**Instructions for the task**
Please transcribe the data below in full. Omit any picture you find in it.
• • • • •
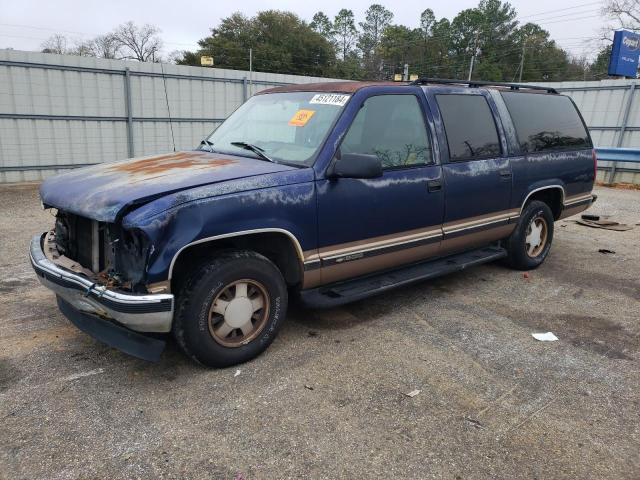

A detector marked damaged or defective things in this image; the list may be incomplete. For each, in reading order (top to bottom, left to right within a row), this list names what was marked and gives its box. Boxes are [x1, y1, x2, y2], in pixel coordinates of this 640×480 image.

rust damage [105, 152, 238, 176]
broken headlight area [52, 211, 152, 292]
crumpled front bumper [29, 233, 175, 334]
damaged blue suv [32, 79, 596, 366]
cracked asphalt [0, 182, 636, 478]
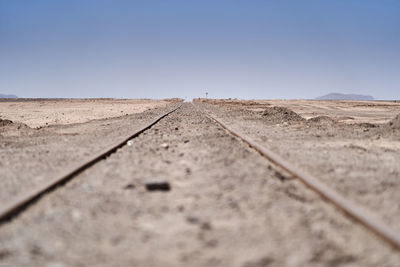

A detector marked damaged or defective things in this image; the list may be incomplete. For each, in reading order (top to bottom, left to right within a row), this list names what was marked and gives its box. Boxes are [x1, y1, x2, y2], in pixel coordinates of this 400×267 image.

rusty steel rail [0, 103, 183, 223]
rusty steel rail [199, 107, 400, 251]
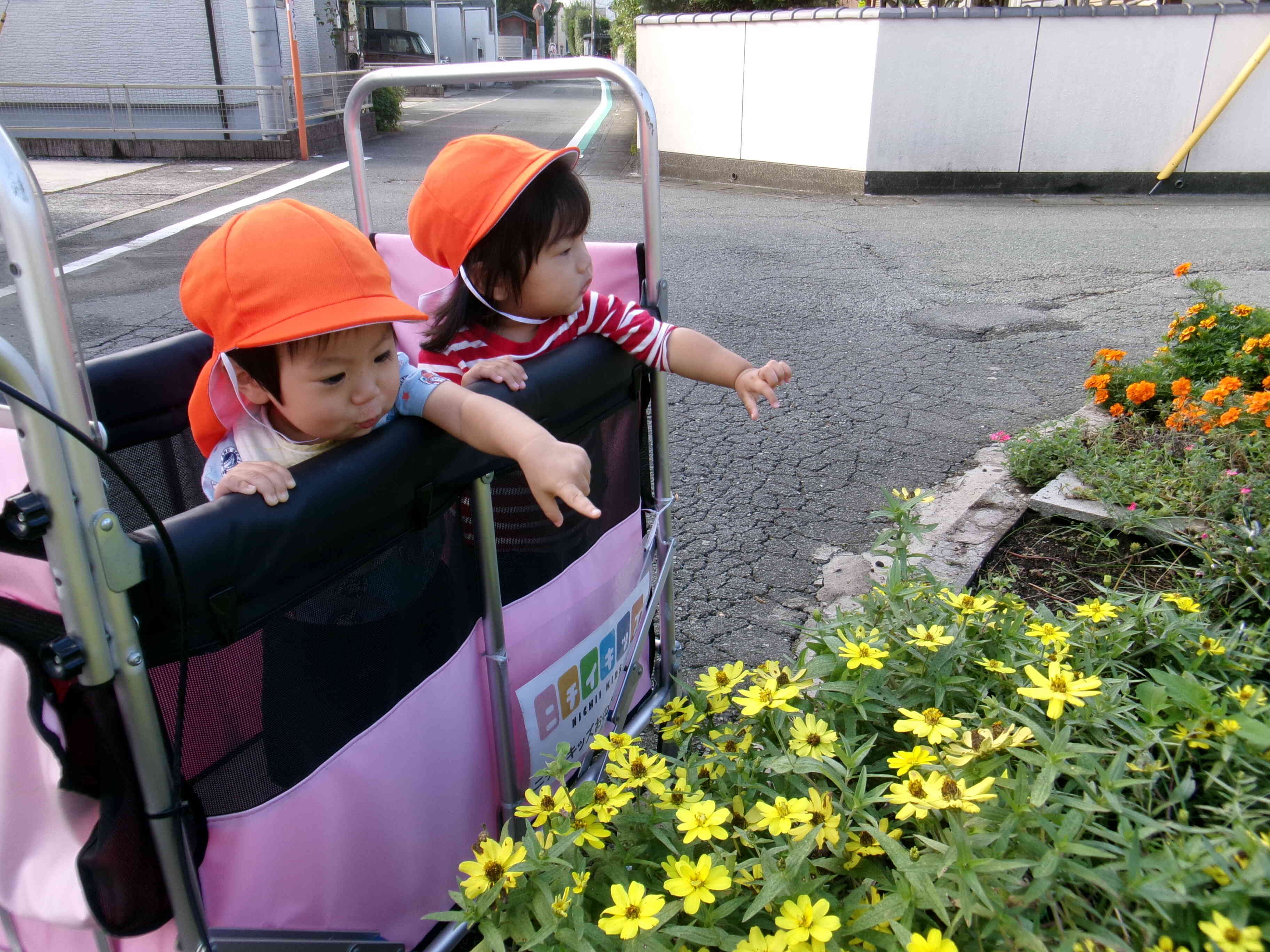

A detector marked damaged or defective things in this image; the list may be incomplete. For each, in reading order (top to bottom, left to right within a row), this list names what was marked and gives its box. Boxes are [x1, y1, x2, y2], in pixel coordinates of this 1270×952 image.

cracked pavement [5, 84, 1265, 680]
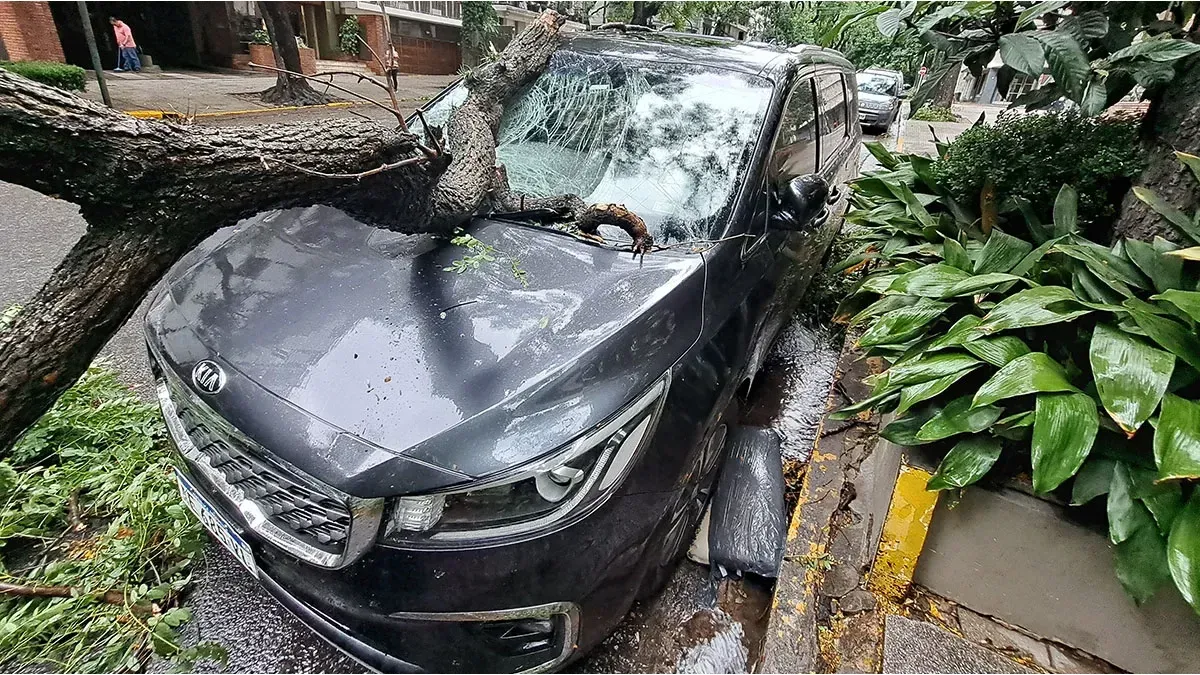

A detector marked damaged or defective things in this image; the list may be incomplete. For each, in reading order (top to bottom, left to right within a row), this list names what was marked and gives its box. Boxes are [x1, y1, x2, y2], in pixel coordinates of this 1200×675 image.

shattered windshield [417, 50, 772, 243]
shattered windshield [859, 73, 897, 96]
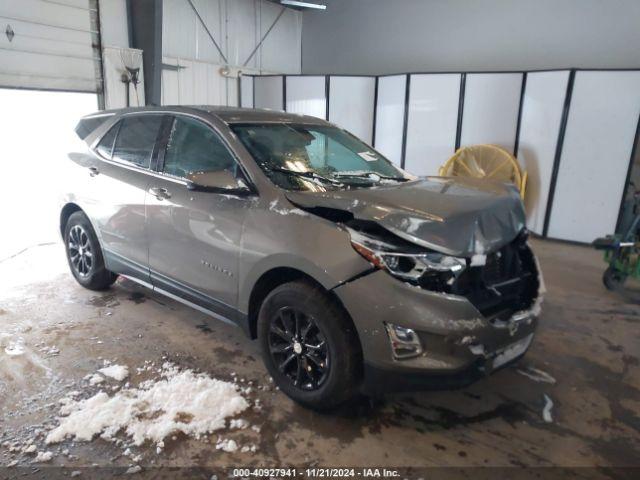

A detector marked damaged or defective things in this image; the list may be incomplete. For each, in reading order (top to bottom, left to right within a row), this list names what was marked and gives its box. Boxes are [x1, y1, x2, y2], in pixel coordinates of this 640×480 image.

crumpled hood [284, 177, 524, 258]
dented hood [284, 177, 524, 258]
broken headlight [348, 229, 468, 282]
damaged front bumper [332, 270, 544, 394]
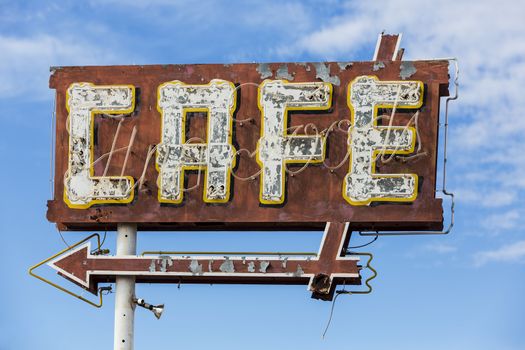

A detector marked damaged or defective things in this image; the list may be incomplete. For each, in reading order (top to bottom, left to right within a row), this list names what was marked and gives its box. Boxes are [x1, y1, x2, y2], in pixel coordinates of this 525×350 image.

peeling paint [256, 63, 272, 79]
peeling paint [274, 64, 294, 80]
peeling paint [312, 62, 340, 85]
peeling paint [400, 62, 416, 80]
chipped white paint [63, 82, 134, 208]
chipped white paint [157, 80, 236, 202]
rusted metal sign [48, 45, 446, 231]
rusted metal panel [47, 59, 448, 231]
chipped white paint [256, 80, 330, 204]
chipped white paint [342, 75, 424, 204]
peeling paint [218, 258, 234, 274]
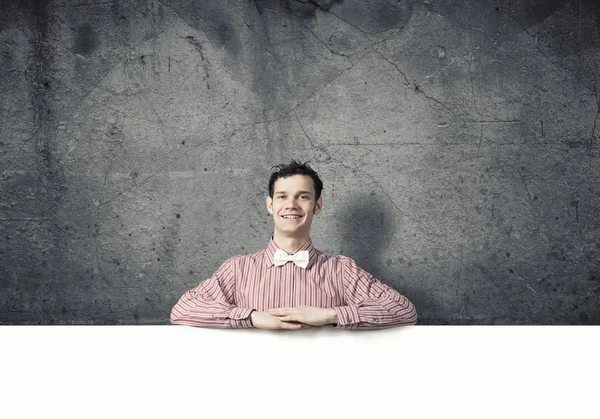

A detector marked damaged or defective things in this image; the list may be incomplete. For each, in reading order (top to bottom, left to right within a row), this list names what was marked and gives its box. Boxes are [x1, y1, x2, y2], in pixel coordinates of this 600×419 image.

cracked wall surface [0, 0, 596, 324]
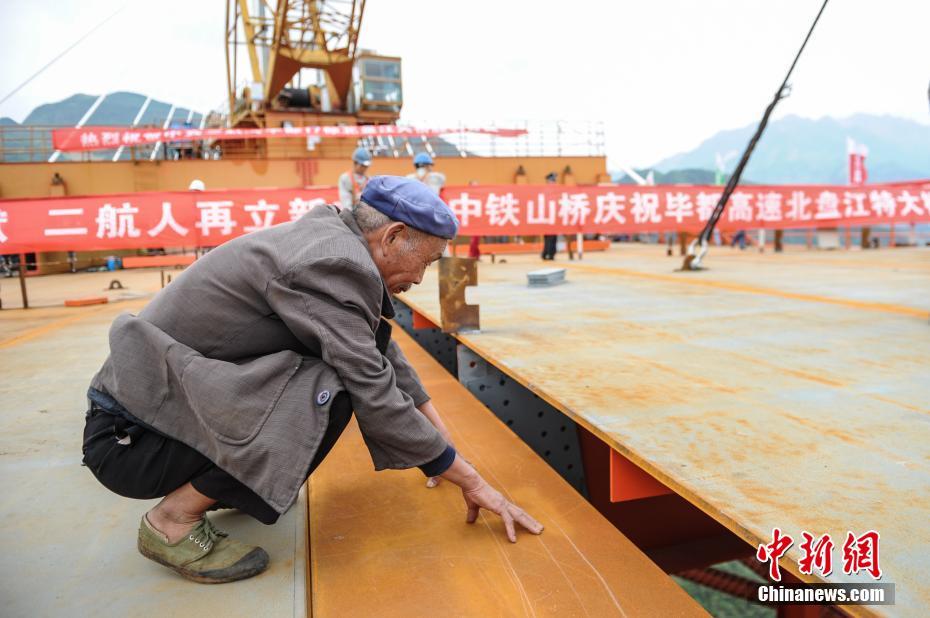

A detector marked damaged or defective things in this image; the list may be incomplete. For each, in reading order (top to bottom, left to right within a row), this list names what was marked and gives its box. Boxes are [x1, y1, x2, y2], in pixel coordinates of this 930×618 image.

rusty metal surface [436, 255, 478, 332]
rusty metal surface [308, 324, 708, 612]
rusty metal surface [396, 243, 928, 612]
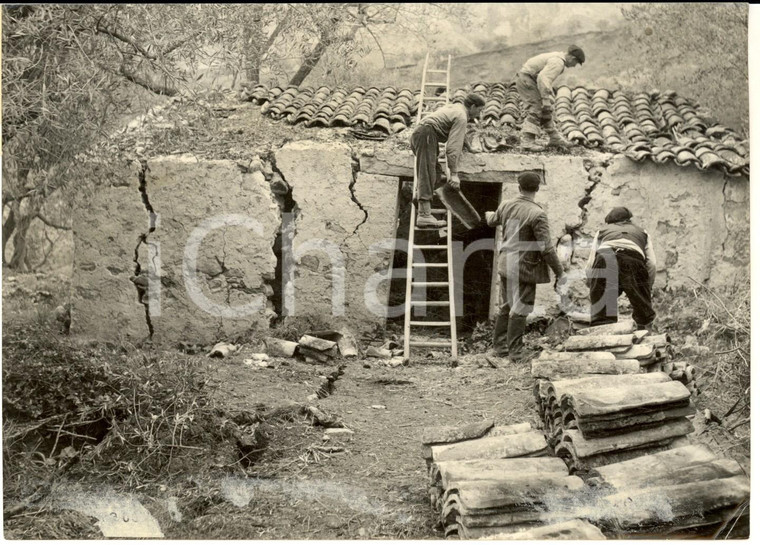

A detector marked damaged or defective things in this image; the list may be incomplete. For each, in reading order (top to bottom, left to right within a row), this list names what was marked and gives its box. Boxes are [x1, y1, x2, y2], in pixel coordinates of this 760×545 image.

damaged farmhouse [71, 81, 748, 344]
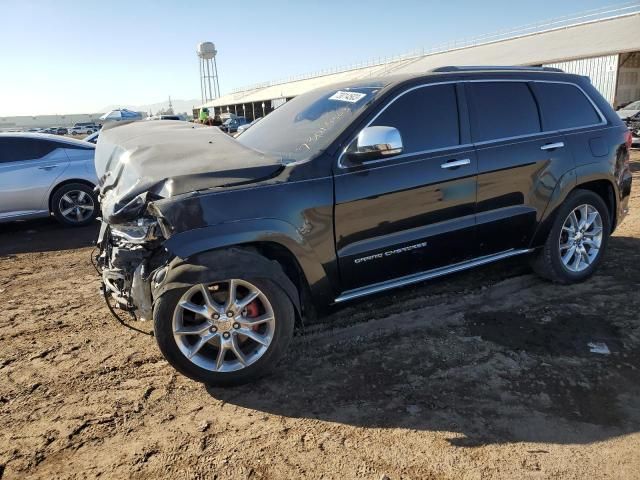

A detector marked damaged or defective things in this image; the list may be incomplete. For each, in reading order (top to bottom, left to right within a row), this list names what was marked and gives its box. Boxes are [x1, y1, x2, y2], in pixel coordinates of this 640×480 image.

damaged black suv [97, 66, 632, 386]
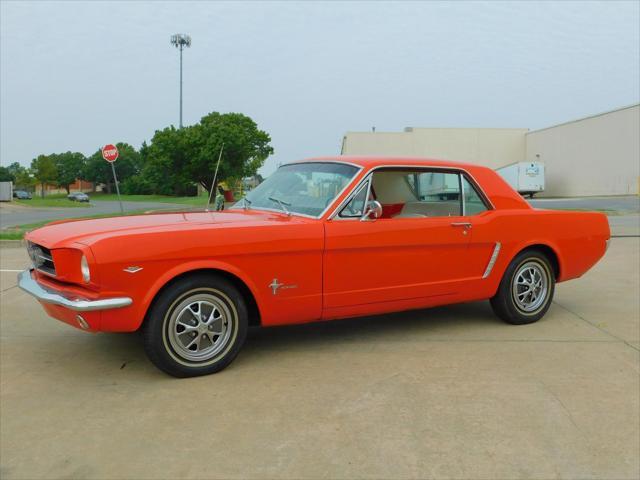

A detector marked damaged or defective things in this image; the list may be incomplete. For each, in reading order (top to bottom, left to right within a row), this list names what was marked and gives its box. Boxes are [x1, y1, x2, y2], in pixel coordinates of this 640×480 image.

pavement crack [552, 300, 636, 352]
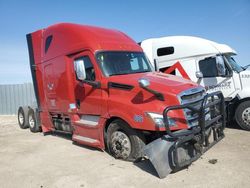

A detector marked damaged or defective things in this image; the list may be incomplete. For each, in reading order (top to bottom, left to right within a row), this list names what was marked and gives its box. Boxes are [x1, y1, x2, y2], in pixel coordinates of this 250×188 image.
• • • • •
**Written answer**
A detector marked damaged or defective things in this image; the list may be incomplete. For each, in reading order (top to bottom, left to right within a row), this list names what was marked and gives its box. Boxes are [x1, y1, x2, y2], in pixel coordinates of this 640×480 image.

rust damage [105, 152, 238, 176]
broken headlight area [52, 211, 152, 292]
crumpled front bumper [29, 233, 175, 334]
damaged blue suv [32, 79, 596, 366]
cracked asphalt [0, 182, 636, 478]

A detector marked damaged or defective things in this image; the list may be incomplete. For each, in reading order (top to bottom, left to right within a row), this list names what was marked and gives its box. Boxes are [x1, y1, x2, y2], in pixel coordinates of this 400×267 image.

rusty steel rail [0, 103, 183, 223]
rusty steel rail [199, 107, 400, 251]

A detector marked damaged or defective things in this image; the list may be incomplete. For each, in reading order (top to bottom, left to right within a row), this list names what was marked and gives its box. Boxes are [x1, y1, x2, y2], in pixel coordinates of this 1270×952 image.

cracked pavement [5, 84, 1265, 680]

A detector marked damaged or defective things in this image; the list may be incomplete. For each, in reading order (top to bottom, left to right within a row), this list names what was marked and gives its box. Boxes are [x1, y1, x2, y2], in pixel coordinates of this 1200×675 image.

shattered windshield [417, 50, 772, 243]
shattered windshield [859, 73, 897, 96]

A detector marked damaged or defective things in this image; the list may be incomplete. For each, in reading order (top to bottom, left to right within a row), this list names what was marked and gives its box. Boxes are [x1, y1, x2, y2], in pixel coordinates of this 640×480 image.

crumpled hood [284, 177, 524, 258]
dented hood [284, 177, 524, 258]
broken headlight [348, 229, 468, 282]
damaged front bumper [332, 270, 544, 394]

A detector marked damaged or defective things in this image; the list may be incomplete. For each, in reading order (top to bottom, left to right within a row), this list names what was marked and gives its box. Boxes are [x1, y1, x2, y2], in pixel coordinates of this 525×350 image.

peeling paint [256, 63, 272, 79]
peeling paint [274, 64, 294, 80]
peeling paint [312, 62, 340, 85]
peeling paint [400, 62, 416, 80]
chipped white paint [63, 82, 134, 208]
chipped white paint [157, 80, 236, 202]
rusted metal sign [48, 45, 446, 231]
rusted metal panel [47, 59, 448, 231]
chipped white paint [256, 80, 330, 204]
chipped white paint [342, 75, 424, 204]
peeling paint [218, 258, 234, 274]

A detector marked damaged or defective things in this image; the list may be incomplete. For each, in reading order (top to bottom, left to right within a row), this list names what was marked and gives its box. Boxes are [x1, y1, x2, y2], in pixel coordinates of this 600×419 image.

cracked wall surface [0, 0, 596, 324]

A detector marked damaged or defective things in this image; the list may be incomplete. For each, in reading order (top to bottom, left to right within a row), this list names what was marked and gives its box. Boxes are [x1, y1, x2, y2], in pixel coordinates of this 930×618 image.

rusty metal surface [436, 255, 478, 332]
rusty metal surface [308, 324, 708, 612]
rusty metal surface [396, 243, 928, 612]

A detector marked damaged or defective things in this image; the list may be incomplete. For each, in reading order (top to bottom, left to right within a row), this list names what was marked and gives its box. Boxes are [x1, y1, x2, y2], in pixel coordinates of this 760×545 image.

damaged farmhouse [71, 81, 748, 344]

A detector marked damaged or defective things in this image; the list may be incomplete. For each, in reading order (top to bottom, left to right within a row), this list names what was marked and gives its box. Boxes are [x1, y1, x2, y2], in pixel coordinates of this 640×480 image.

damaged black suv [97, 66, 632, 386]

A detector marked damaged or defective things in this image; the list may be incomplete. For each, in reading order (top to bottom, left to right within a row), this list names what was marked and gives its box. Boxes are [x1, y1, x2, y2], in pixel coordinates of this 640×480 image.

pavement crack [552, 300, 636, 352]

A detector marked damaged or defective things in this image; the list may be incomplete. For each, in reading order (top to bottom, left to right within a row), this list names what was marked and gives its box. Boxes are [x1, y1, x2, y2], in pixel coordinates of this 250×188 image.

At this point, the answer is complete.